Monday, April 24, 2006

I don't wanna be a pirate...

Captain Every's jolly roger

PIRACY AND ANARCHISM Damn you! You are a squeaking puppy, and so are all those who will submit to be governed by laws which rich men have made for their own security. For the cowardly whelps have not the courage otherwise to defend what they get by their knavery. But damn ye, altogether! Damn them for a pack of crafty rascals, and you, who serve them, for a parcel of hen-hearted numbskulls!
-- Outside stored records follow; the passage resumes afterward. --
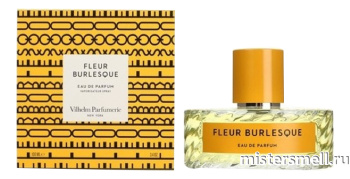 картинка Оригинал Vilhelm Parfumerie Fleur Burlesque (унис) edp 100 мл от оптового интернет магазина MisterSmell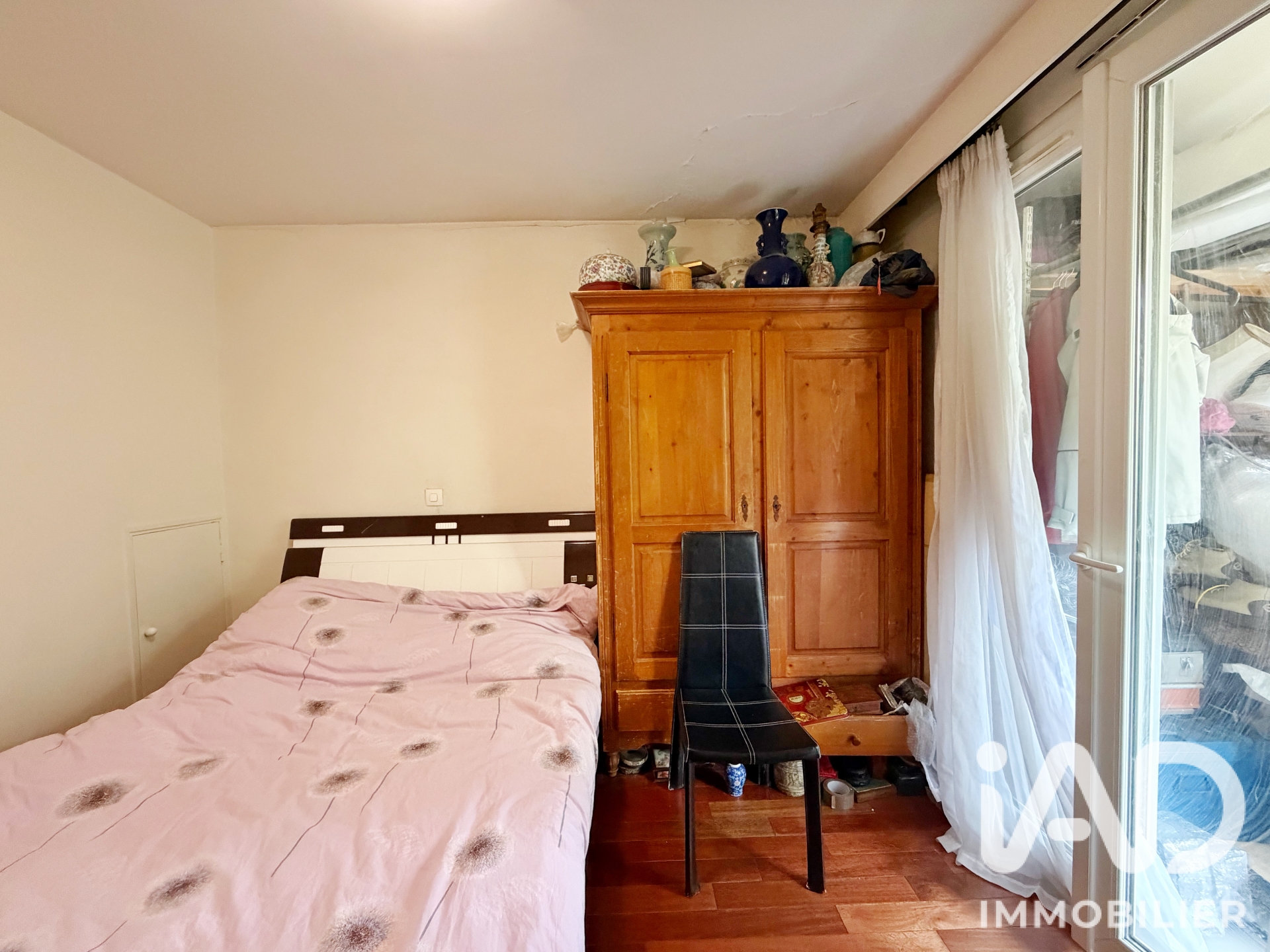 Vente appartement à Bagnolet (93170) : appartement 5 pièces 90 m² - 2110165 — 11
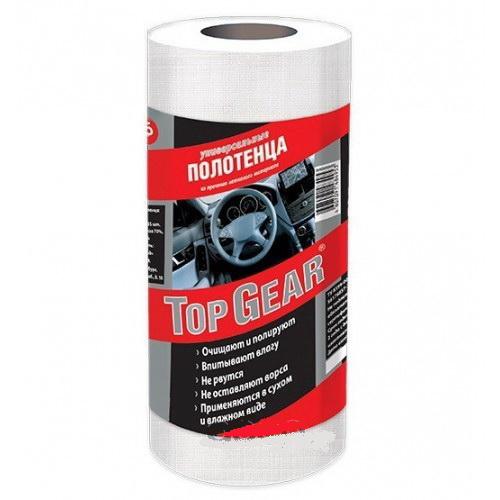 TopGear полотенца универсальные для автомобиля 22х30см N 35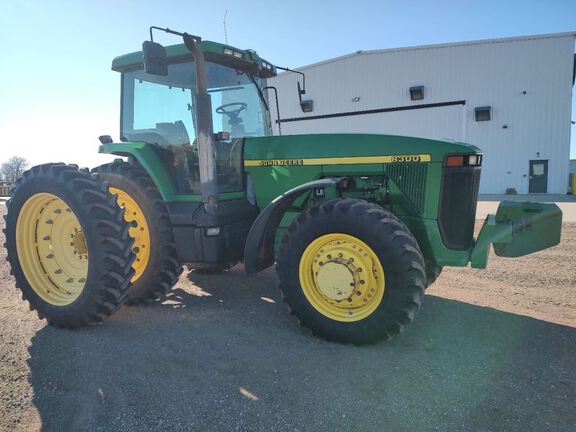 1995 John Deere 8300 Tractor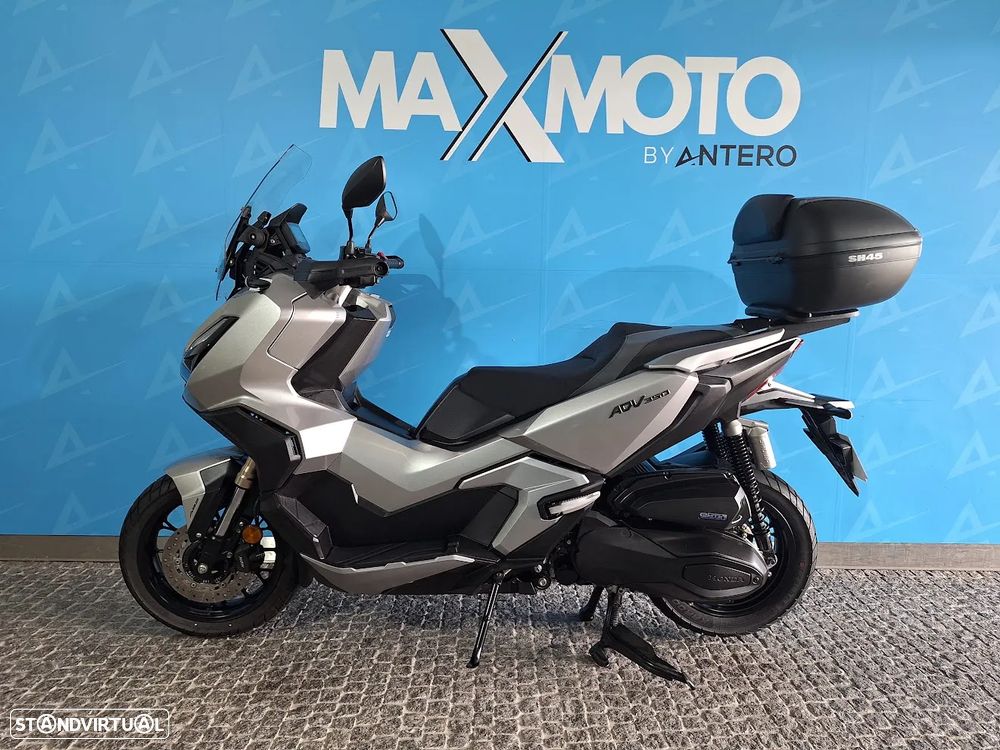 Honda ADV 350 - 5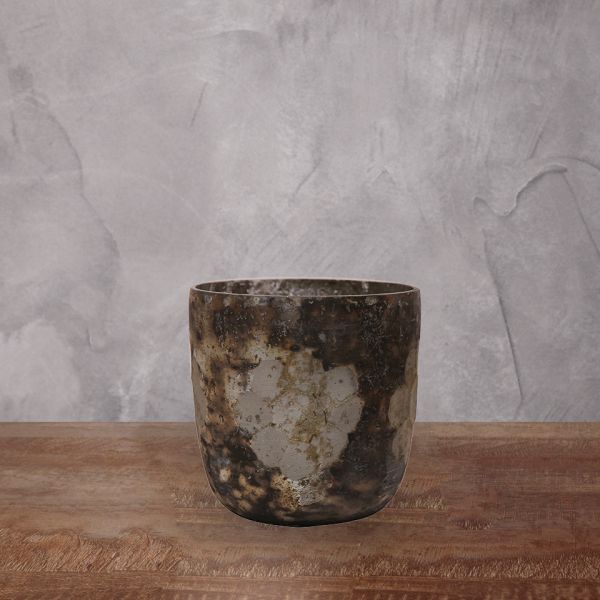 Подсвечник  silver  ROOMERS FURNITURE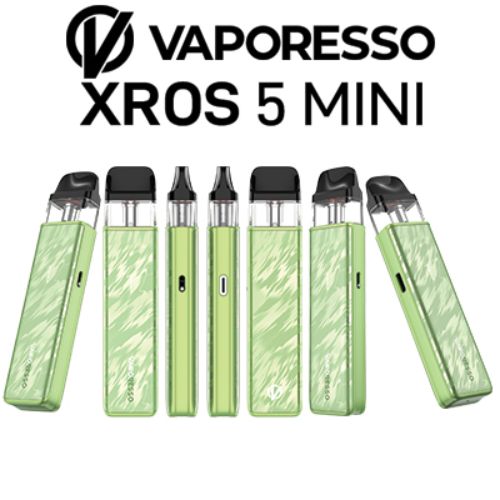 Vaporesso XROS 5 Mini Pod Kit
They villify us, the scoundrels do, when there is only this difference: they rob the poor under the cover of law, forsooth, and we plunder the rich under the protection of our own courage; had ye not better make one of us, than sneak after the arses of those villains for employment? --Black Sam Bellamy, pirate captainAnarchists and pirates share a common name, given them by the governments of the world: "enemies of humanity." This lovely sobriquet was attached to pirates (in the 18th century) and anarchists (in the 20th century) because these two groups of people, uniquely, disavowed allegiance to any particular government or nation, and were unafraid to show this contempt for authority in word and deed.

Why Pirates?It is essential to illustrate the true historical nature of piracy in an effort to dispel the pervasive myth that people need government to "protect us from ourselves!"

Authoritarians of every stripe love to drive the point home that, without them and their precious government and laws, we'd collapse into chaos and civilization would crumble into ruin. So long as this myth remains unchallenged, governments can continue to rule unopposed, in the face of no credible alternatives. This myth, however, will go unchallenged no longer. The pirates of the 16-1700's practiced an early (and entirely unplanned) anarchism in their war on the high seas traders. There were no "Founding Fathers," no acts of Parliament. There were just people sick and tired of authority.

The point the humble pirate illustrates to the modern reader is this: if pirates can do it, what is our excuse?

(the following is excerpted from Raiders and Rebels: The Golden Age of Piracy, by Frank Sherry, pp. 122-125)

In the late seventeenth and early eighteenth centuries, there was only one true democracy on earth: the pirate brotherhood forged in Madagascar.

Incongruous as it might appear, the cutthroats, who brutalized captives and who scoffed at the rules of society, were passionately democratic. They had a high regard for individual rights--and a burning hatred for the tyranny that had oppressed them in their days of "honest service."

Unlike privateer crews, who were still only hired hands despite the fact that they received fair shares of their ship's plunder, pirates regarded themselves as self-employed, collective owners of their own ships. They believed that since the crew of a pirate ship had acquired their vessel by their common effort, all should participate equally in decisions aboard her. For this reason, pirates evolved a system that called for virtually all matters regarding life aboard their ship--whether to fight, where and when to anchor, division of spoils, even courses to be followed--to be subjected to a referendum, with each man, regardless of his rank, race, religion, or previous employment, entitled to an equal vote in the decision, as well as an equal right to voice his opinion. Only during battle did the pirates abandon this referendum system.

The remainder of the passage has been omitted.